The government think tank has also asked to devise an export-oriented strategy for the industry, saying the domestic market at USD 65 billion remains small in relation to the world market, which is in excess of USD 2 trillion.


"Big success requires operating in the large world market, which amounts to more than USD 2 trillion compared with only USD 65 billion in the case of the domestic market. Therefore, we must reorient our policy to ensure that the industry becomes competitive in export markets," the report added.


India's domestic consumption of electronics hardware in 2014-15 was USD 63.6 billion, while imports accounted for 58 percent of this figure, according to the report.

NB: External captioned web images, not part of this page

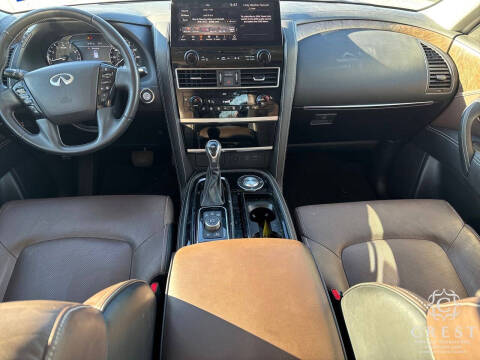 2023 Infiniti QX80 Premium Select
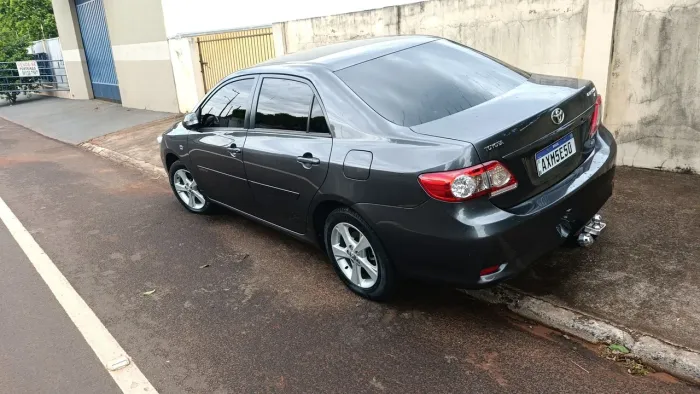 Toyota Corolla XEI 2.0 Flex 16V Aut. 2014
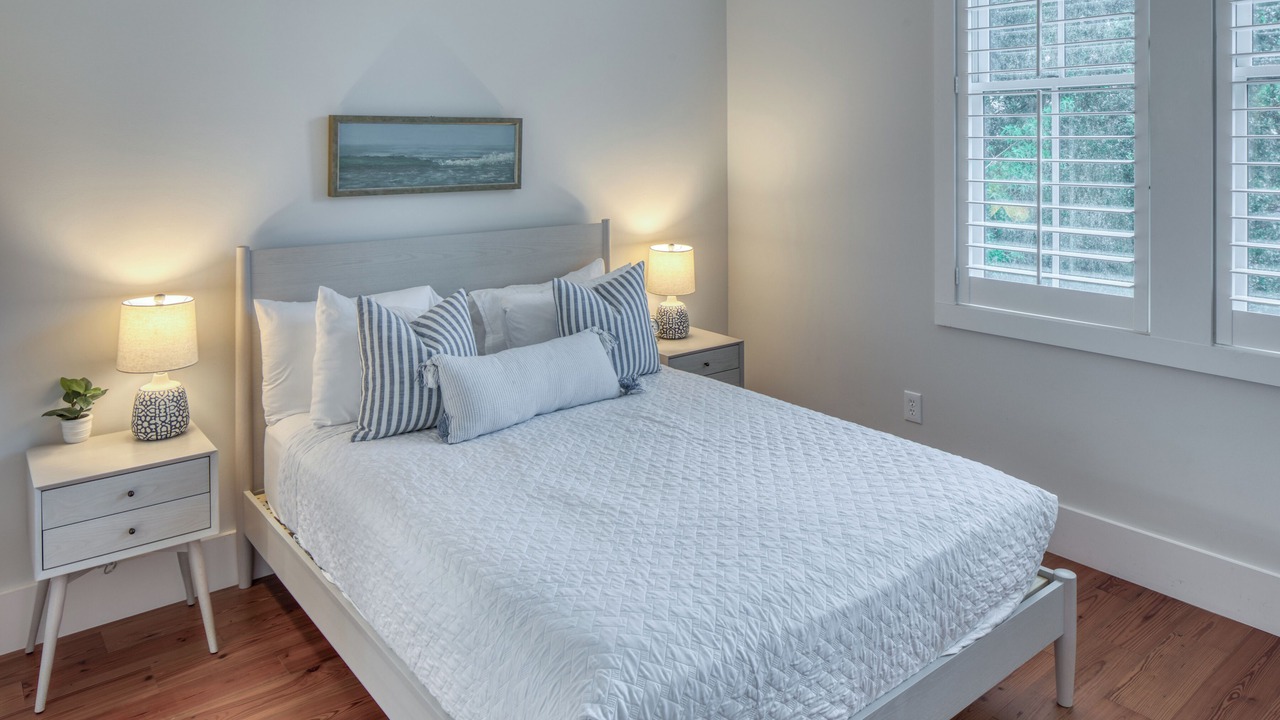 Photo of Bedroom in Palmetto Bluff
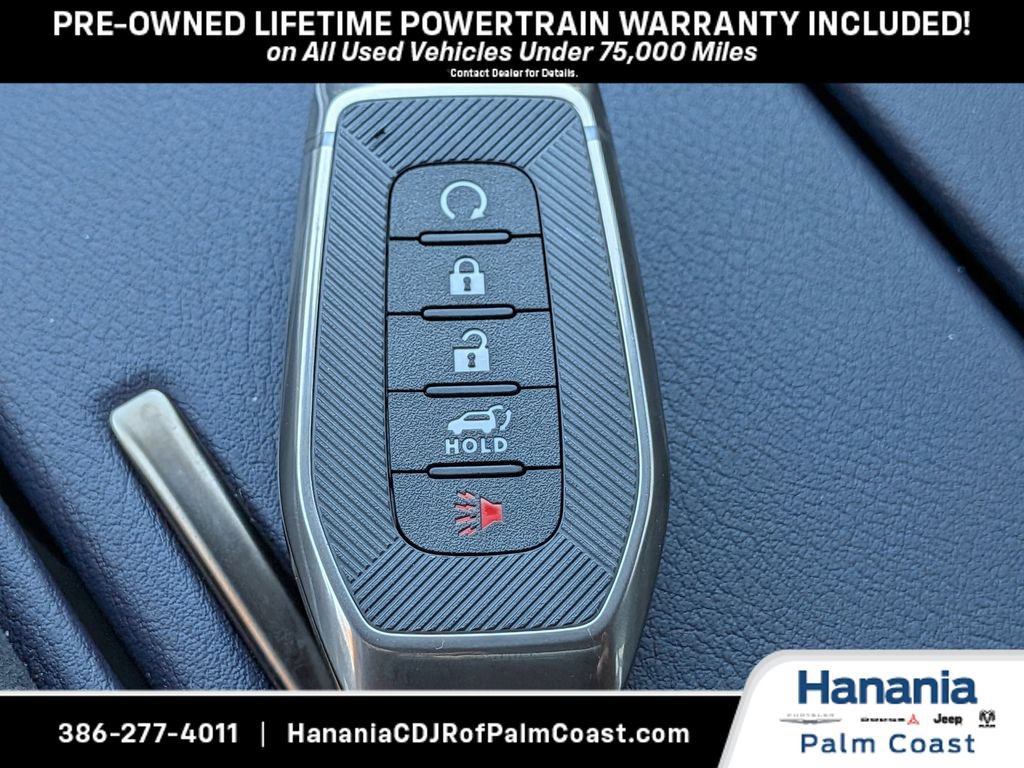 Used 2026 INFINITI QX80 4WD w/ Sport Exterior Package image 34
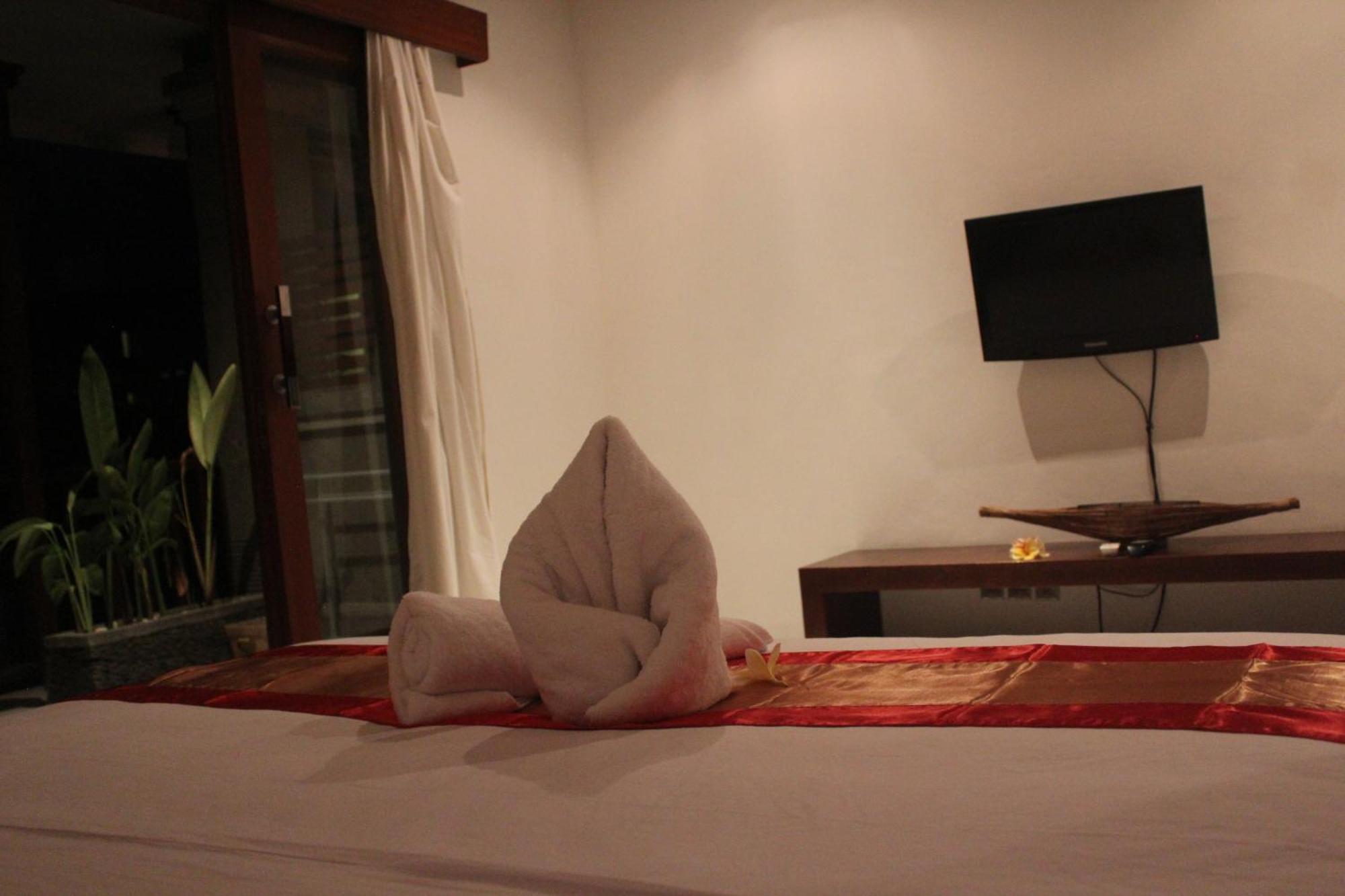 Apartmán Letos Kubu 1 Kuta Lombok Pokoj fotografie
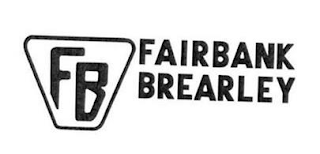 FB FAIRBANK BREARLEY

Niti Aayog said the country needs to forge free trade agreements (FTAs) to create duty-free market for electronic goods and, at present, India's approach with respect to FTAs is defensive because it is a much larger importer of electronic products than exporter.

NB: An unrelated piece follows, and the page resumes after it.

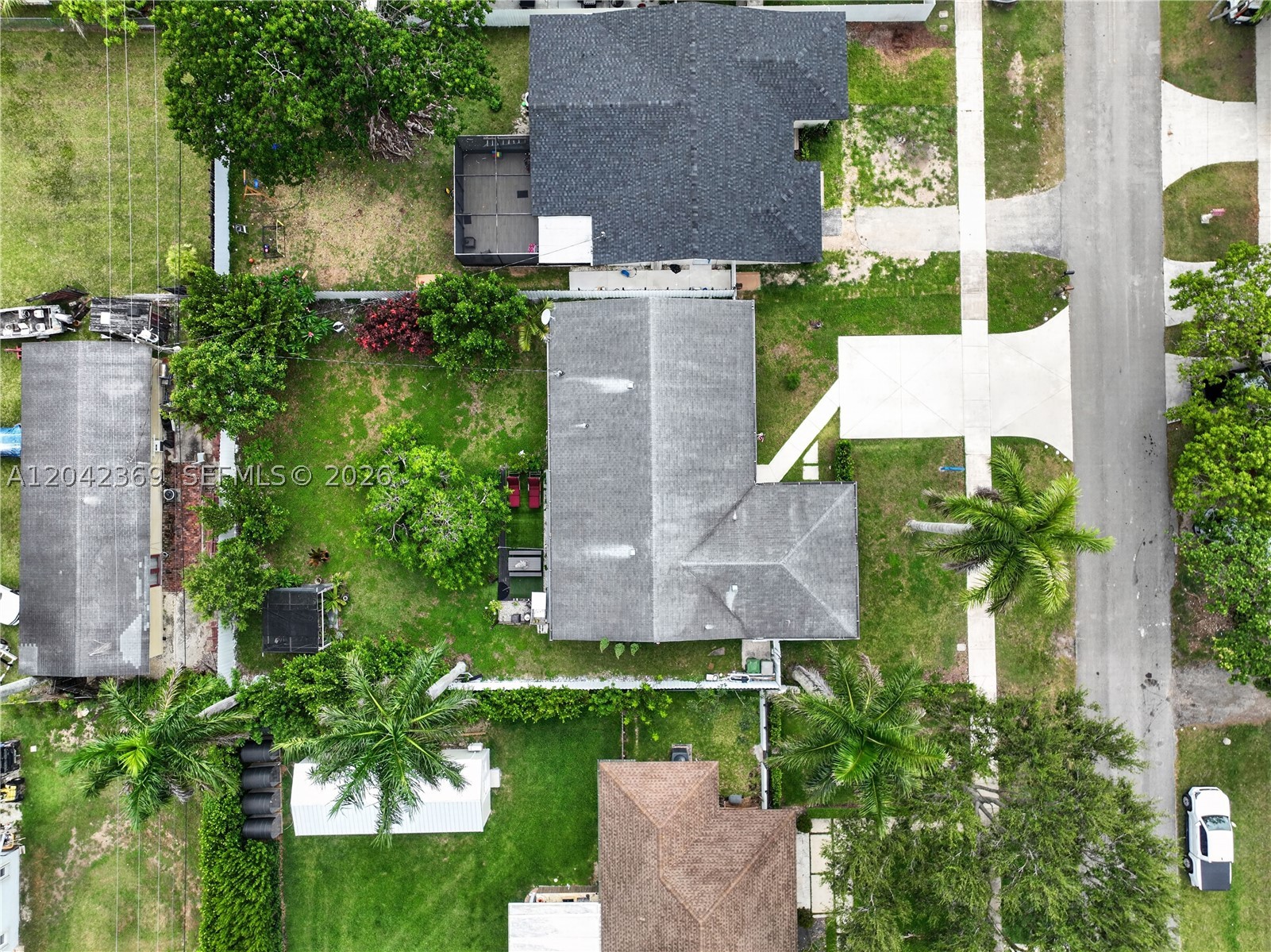 DOWNER PALMS DIV NO 1 - Residential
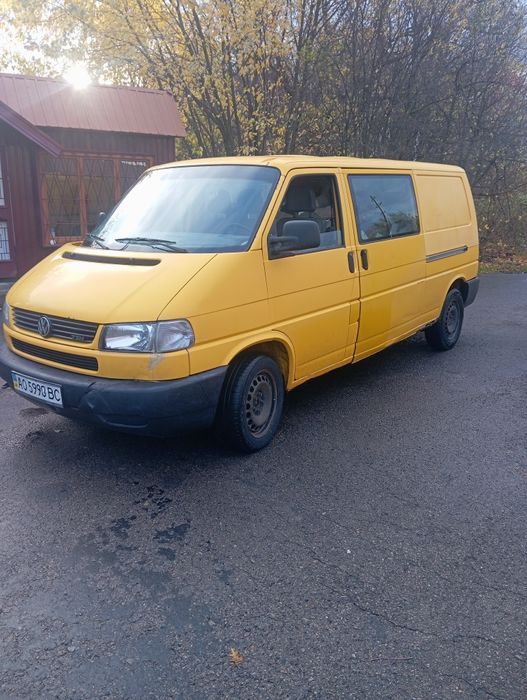 Т4 2.5 диз 2001 р 3400 у.о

"But a switch to export-oriented strategy would convert FTAs into an opportunity. What we need to ensure that we can quickly develop electronics industry on a large scale so that we are globally competitive and can capture the markets of our FTA partners. Export orientation should allow us to eventually sign the Information Technology Agreement 2," the report said.


The think tank in its strategy paper has also suggested setting up coastal economic zones (CEZ) which may be up to 200 to 250 kilometres wide from the coastline, approximately equal distance in length and encompassing a modern deep dredge port.


"It would have minimal red tape and relatively flexible labour and land-acquisition laws. It will also allow easy entry and exit of firms. It will be authorised to take swift decisions on applications for environmental clearances. Goods moving into and out of the zone through the port will face minimum barriers," the report said.


As per the report, the contribution of electronic industry to GDP is significant as it contributes 15.5 per cent to GDP in Taiwan, 15.1 percent in South Korea and 12.7 percent in China, but in India, this proportion is only 1.7 percent.